*** Opening of GIVEN RECORDS ***

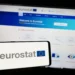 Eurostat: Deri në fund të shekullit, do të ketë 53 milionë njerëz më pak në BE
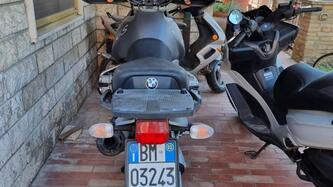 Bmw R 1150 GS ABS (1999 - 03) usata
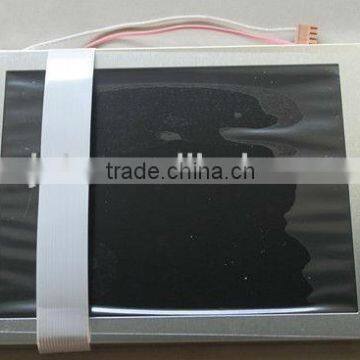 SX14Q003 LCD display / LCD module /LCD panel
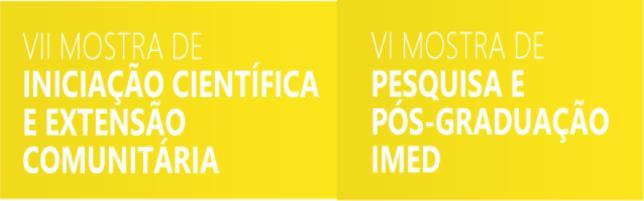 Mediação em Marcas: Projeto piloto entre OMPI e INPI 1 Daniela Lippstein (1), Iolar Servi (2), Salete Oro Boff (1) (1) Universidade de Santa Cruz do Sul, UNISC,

*** Close of GIVEN RECORDS ***
*** Opening of GIVEN RECORDS ***

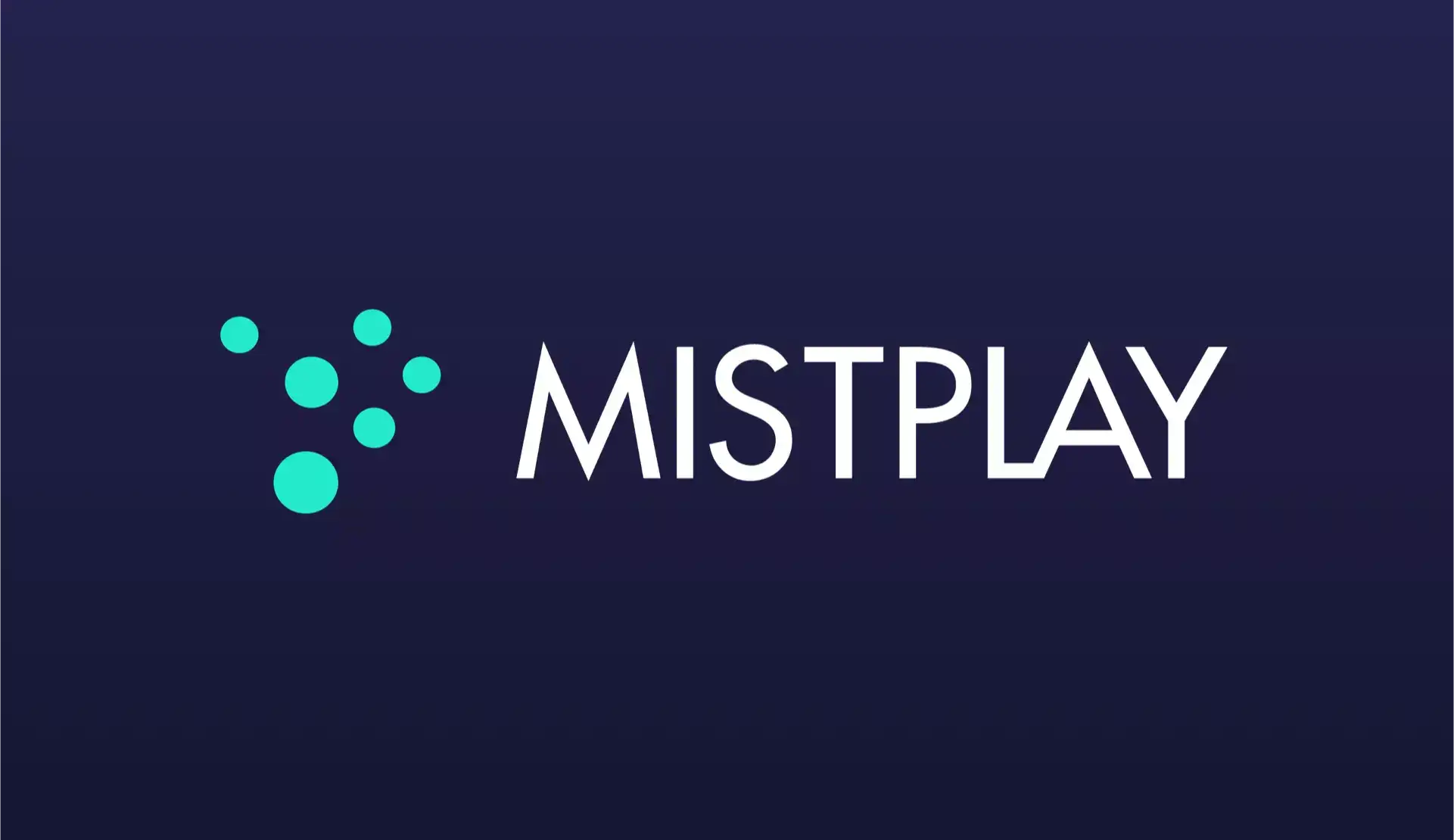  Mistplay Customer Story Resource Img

*** Close of GIVEN RECORDS ***

◆ WORK INSTRUCTIONS ◆
Look above for the line containing "Bmw R 1150 GS ABS (1999 - 03) usata", then write out every line from there down to the line containing "Mediação em Marcas: Projeto", that line included, with no pictures.

◆ RESULT FOR THIS TASK ◆
 Bmw R 1150 GS ABS (1999 - 03) usata
 SX14Q003 LCD display / LCD module /LCD panel
 Mediação em Marcas: Projeto piloto entre OMPI e INPI 1 Daniela Lippstein (1), Iolar Servi (2), Salete Oro Boff (1) (1) Universidade de Santa Cruz do Sul, UNISC,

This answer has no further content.